----- MATERIAL TO PROCESS -----

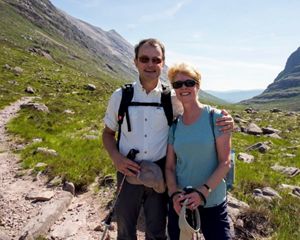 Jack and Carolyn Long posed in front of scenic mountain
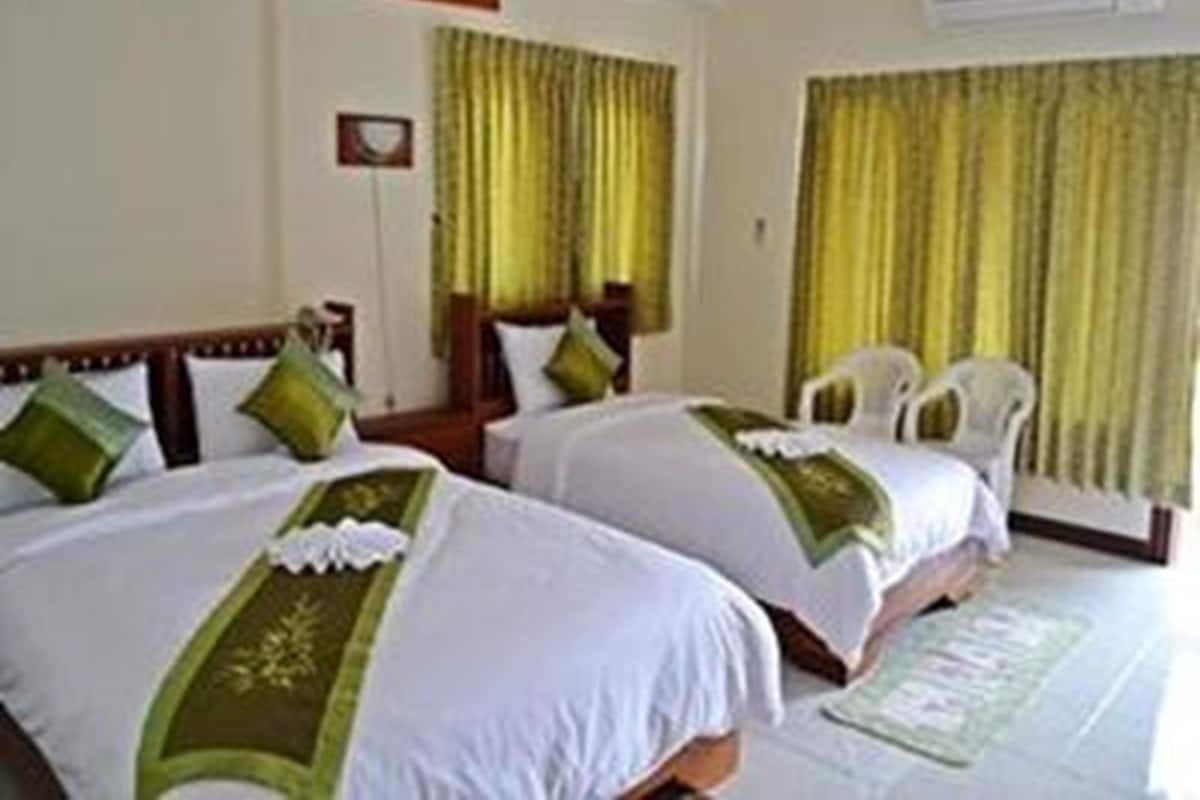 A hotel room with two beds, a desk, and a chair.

-----
----- MATERIAL TO PROCESS -----

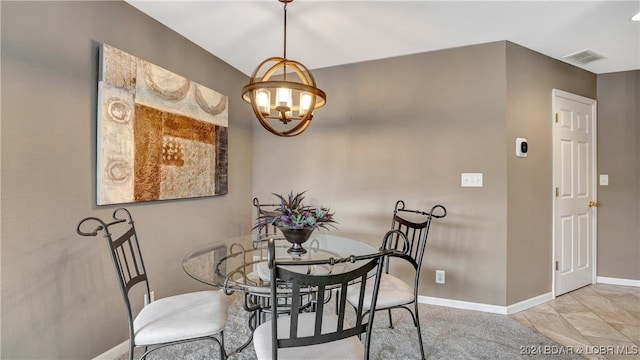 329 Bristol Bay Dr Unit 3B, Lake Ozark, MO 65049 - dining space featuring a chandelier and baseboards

-----

▶ WORK ORDER: Would you transcribe the lines above exactly, going from the line bearing "Jack and Carolyn" through the line bearing "A hotel room", and drop the pictures from the copy?

▶ OUTPUT OF THE TASK:
 Jack and Carolyn Long posed in front of scenic mountain
 A hotel room with two beds, a desk, and a chair.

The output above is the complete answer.